### Web page caption snippets

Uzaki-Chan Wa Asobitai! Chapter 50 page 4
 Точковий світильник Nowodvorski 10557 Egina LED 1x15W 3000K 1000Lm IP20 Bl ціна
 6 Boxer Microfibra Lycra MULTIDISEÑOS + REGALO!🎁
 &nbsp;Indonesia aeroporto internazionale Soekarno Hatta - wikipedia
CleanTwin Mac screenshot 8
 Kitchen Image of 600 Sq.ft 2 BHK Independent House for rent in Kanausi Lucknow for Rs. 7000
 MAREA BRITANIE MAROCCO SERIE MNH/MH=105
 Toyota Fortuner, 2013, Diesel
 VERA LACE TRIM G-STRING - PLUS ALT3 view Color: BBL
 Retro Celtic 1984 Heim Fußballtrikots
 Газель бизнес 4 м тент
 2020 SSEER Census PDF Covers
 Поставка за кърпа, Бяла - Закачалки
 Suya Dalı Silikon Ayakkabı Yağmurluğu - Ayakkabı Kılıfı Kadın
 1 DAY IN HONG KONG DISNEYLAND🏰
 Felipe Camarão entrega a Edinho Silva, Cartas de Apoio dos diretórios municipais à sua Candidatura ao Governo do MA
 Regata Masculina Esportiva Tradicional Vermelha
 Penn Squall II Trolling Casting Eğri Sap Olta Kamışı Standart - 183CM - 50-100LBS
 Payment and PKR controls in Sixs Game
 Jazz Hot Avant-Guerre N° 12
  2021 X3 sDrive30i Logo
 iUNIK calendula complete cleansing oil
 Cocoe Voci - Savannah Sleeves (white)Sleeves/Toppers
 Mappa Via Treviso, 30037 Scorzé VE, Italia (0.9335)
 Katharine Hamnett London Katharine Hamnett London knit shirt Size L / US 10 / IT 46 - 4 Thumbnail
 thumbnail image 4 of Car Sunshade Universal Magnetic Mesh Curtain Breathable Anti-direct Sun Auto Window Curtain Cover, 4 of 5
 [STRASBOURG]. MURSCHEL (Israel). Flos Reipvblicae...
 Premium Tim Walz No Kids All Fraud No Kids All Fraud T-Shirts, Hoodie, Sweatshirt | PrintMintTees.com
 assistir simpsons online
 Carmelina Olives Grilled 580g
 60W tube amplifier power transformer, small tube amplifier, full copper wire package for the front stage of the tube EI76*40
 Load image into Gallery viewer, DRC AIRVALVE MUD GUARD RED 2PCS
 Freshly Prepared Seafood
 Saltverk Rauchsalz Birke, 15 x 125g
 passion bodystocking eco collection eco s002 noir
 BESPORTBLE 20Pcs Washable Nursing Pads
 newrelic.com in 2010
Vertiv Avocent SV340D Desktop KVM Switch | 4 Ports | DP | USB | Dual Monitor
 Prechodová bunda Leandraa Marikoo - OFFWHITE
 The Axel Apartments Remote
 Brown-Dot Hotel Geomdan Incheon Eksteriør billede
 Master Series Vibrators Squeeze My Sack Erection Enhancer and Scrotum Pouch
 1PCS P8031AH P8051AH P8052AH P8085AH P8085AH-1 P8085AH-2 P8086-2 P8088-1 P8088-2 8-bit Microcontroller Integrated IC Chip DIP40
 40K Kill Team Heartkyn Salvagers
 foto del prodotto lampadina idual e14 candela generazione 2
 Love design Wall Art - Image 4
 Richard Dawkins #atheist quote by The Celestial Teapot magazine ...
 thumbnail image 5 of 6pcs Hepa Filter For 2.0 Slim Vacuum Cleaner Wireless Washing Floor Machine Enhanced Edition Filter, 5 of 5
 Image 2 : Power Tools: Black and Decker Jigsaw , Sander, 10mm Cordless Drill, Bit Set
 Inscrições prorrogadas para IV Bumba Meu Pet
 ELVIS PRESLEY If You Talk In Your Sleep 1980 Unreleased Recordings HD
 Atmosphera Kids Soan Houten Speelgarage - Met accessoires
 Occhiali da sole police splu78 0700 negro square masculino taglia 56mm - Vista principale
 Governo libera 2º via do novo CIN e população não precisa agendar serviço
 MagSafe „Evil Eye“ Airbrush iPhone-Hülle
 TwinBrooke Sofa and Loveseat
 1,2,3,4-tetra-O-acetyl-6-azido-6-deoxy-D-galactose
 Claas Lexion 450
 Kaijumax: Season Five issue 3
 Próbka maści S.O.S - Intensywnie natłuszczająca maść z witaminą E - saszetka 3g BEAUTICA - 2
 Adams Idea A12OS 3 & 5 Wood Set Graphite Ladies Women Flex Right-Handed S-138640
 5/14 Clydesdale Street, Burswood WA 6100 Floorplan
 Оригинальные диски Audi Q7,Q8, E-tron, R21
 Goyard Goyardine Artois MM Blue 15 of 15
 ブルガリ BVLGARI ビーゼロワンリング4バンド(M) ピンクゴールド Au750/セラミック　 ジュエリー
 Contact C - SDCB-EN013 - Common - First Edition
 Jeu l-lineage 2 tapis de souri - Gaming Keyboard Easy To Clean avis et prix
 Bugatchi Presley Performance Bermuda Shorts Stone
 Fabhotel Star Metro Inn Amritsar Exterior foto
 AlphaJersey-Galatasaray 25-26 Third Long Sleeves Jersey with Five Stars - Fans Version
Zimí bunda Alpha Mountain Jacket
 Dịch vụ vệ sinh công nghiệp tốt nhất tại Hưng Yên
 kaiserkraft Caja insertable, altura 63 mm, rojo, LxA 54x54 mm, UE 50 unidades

### WHAT IS REQUIRED
A faithful copy of all the records is required.

### RESPONSE BELOW
Uzaki-Chan Wa Asobitai! Chapter 50 page 4
 Точковий світильник Nowodvorski 10557 Egina LED 1x15W 3000K 1000Lm IP20 Bl ціна
 6 Boxer Microfibra Lycra MULTIDISEÑOS + REGALO!🎁
 &nbsp;Indonesia aeroporto internazionale Soekarno Hatta - wikipedia
CleanTwin Mac screenshot 8
 Kitchen Image of 600 Sq.ft 2 BHK Independent House for rent in Kanausi Lucknow for Rs. 7000
 MAREA BRITANIE MAROCCO SERIE MNH/MH=105
 Toyota Fortuner, 2013, Diesel
 VERA LACE TRIM G-STRING - PLUS ALT3 view Color: BBL
 Retro Celtic 1984 Heim Fußballtrikots
 Газель бизнес 4 м тент
 2020 SSEER Census PDF Covers
 Поставка за кърпа, Бяла - Закачалки
 Suya Dalı Silikon Ayakkabı Yağmurluğu - Ayakkabı Kılıfı Kadın
 1 DAY IN HONG KONG DISNEYLAND🏰
 Felipe Camarão entrega a Edinho Silva, Cartas de Apoio dos diretórios municipais à sua Candidatura ao Governo do MA
 Regata Masculina Esportiva Tradicional Vermelha
 Penn Squall II Trolling Casting Eğri Sap Olta Kamışı Standart - 183CM - 50-100LBS
 Payment and PKR controls in Sixs Game
 Jazz Hot Avant-Guerre N° 12
  2021 X3 sDrive30i Logo
 iUNIK calendula complete cleansing oil
 Cocoe Voci - Savannah Sleeves (white)Sleeves/Toppers
 Mappa Via Treviso, 30037 Scorzé VE, Italia (0.9335)
 Katharine Hamnett London Katharine Hamnett London knit shirt Size L / US 10 / IT 46 - 4 Thumbnail
 thumbnail image 4 of Car Sunshade Universal Magnetic Mesh Curtain Breathable Anti-direct Sun Auto Window Curtain Cover, 4 of 5
 [STRASBOURG]. MURSCHEL (Israel). Flos Reipvblicae...
 Premium Tim Walz No Kids All Fraud No Kids All Fraud T-Shirts, Hoodie, Sweatshirt | PrintMintTees.com
 assistir simpsons online
 Carmelina Olives Grilled 580g
 60W tube amplifier power transformer, small tube amplifier, full copper wire package for the front stage of the tube EI76*40
 Load image into Gallery viewer, DRC AIRVALVE MUD GUARD RED 2PCS
 Freshly Prepared Seafood
 Saltverk Rauchsalz Birke, 15 x 125g
 passion bodystocking eco collection eco s002 noir
 BESPORTBLE 20Pcs Washable Nursing Pads
 newrelic.com in 2010
Vertiv Avocent SV340D Desktop KVM Switch | 4 Ports | DP | USB | Dual Monitor
 Prechodová bunda Leandraa Marikoo - OFFWHITE
 The Axel Apartments Remote
 Brown-Dot Hotel Geomdan Incheon Eksteriør billede
 Master Series Vibrators Squeeze My Sack Erection Enhancer and Scrotum Pouch
 1PCS P8031AH P8051AH P8052AH P8085AH P8085AH-1 P8085AH-2 P8086-2 P8088-1 P8088-2 8-bit Microcontroller Integrated IC Chip DIP40
 40K Kill Team Heartkyn Salvagers
 foto del prodotto lampadina idual e14 candela generazione 2
 Love design Wall Art - Image 4
 Richard Dawkins #atheist quote by The Celestial Teapot magazine ...
 thumbnail image 5 of 6pcs Hepa Filter For 2.0 Slim Vacuum Cleaner Wireless Washing Floor Machine Enhanced Edition Filter, 5 of 5
 Image 2 : Power Tools: Black and Decker Jigsaw , Sander, 10mm Cordless Drill, Bit Set
 Inscrições prorrogadas para IV Bumba Meu Pet
 ELVIS PRESLEY If You Talk In Your Sleep 1980 Unreleased Recordings HD
 Atmosphera Kids Soan Houten Speelgarage - Met accessoires
 Occhiali da sole police splu78 0700 negro square masculino taglia 56mm - Vista principale
 Governo libera 2º via do novo CIN e população não precisa agendar serviço
 MagSafe „Evil Eye“ Airbrush iPhone-Hülle
 TwinBrooke Sofa and Loveseat
 1,2,3,4-tetra-O-acetyl-6-azido-6-deoxy-D-galactose
 Claas Lexion 450
 Kaijumax: Season Five issue 3
 Próbka maści S.O.S - Intensywnie natłuszczająca maść z witaminą E - saszetka 3g BEAUTICA - 2
 Adams Idea A12OS 3 & 5 Wood Set Graphite Ladies Women Flex Right-Handed S-138640
 5/14 Clydesdale Street, Burswood WA 6100 Floorplan
 Оригинальные диски Audi Q7,Q8, E-tron, R21
 Goyard Goyardine Artois MM Blue 15 of 15
 ブルガリ BVLGARI ビーゼロワンリング4バンド(M) ピンクゴールド Au750/セラミック　 ジュエリー
 Contact C - SDCB-EN013 - Common - First Edition
 Jeu l-lineage 2 tapis de souri - Gaming Keyboard Easy To Clean avis et prix
 Bugatchi Presley Performance Bermuda Shorts Stone
 Fabhotel Star Metro Inn Amritsar Exterior foto
 AlphaJersey-Galatasaray 25-26 Third Long Sleeves Jersey with Five Stars - Fans Version
Zimí bunda Alpha Mountain Jacket
 Dịch vụ vệ sinh công nghiệp tốt nhất tại Hưng Yên
 kaiserkraft Caja insertable, altura 63 mm, rojo, LxA 54x54 mm, UE 50 unidades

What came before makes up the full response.